During the warmer months, he connects with his cycling friends for weekly outdoor rides and competitive triathlons.
Paul said he appreciates YMCA spinning because it gives him a good cardio workout and that translates well to “real world” bike rides. He’s also endured several foot surgeries in the past nine years, and spin class allows him to work out since he can no longer run on treadmills or do contact-based foot workouts.
Cozad High School English Teacher Woody Blackmore joined the YMCA spin classes about seven years ago. He realized he wasn’t happy, and he knew the change had to come from within. He grew up in California, where he swam in his backyard pool and on the local swim team.
“So my first change was to join a boot camp style class at the Y and to start lap swimming again at the city pool,” Woody said.
He wanted to set goals for himself at swim events but since he couldn’t find many swim events in central Nebraska, he switched to 5Ks and local triathlons.

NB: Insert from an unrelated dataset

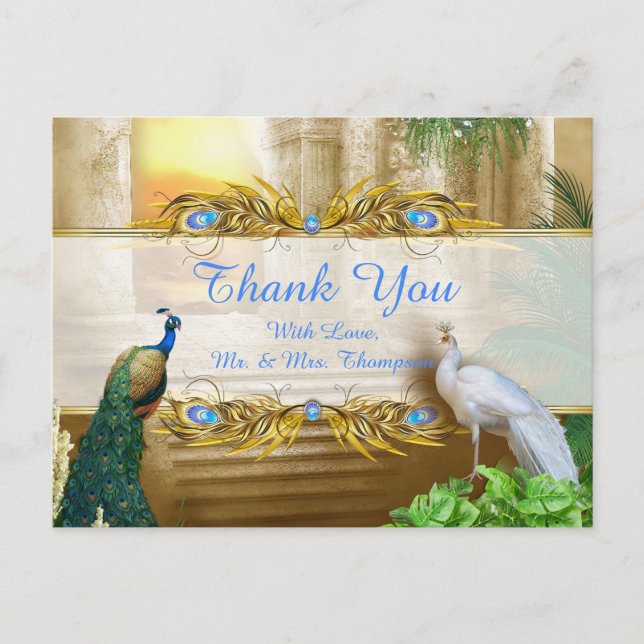 Royal Peacock Temple Dreams Thank You Announcement Postcard (Front)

“I signed up for an April triathlon and started going to spinning classes at the YMCA about six months before the event,” he said. “That was more than five years ago. I now routinely do running, cycling, and triathlon races from April to October and spend the winter months training. I do some form of cycling, running, swimming, or cross-training at least six days a week, two times a day.”
Woody said that spinning at the Y isn’t just about building endurance and getting a cardiovascular workout.
“It’s more about a community, a group of people who share common interests and have common habits,” he said. “I know Peloton has become popular in the last few years but I don’t enjoy a recorded or remote instructor. That’s how I ended up teaching spinning.”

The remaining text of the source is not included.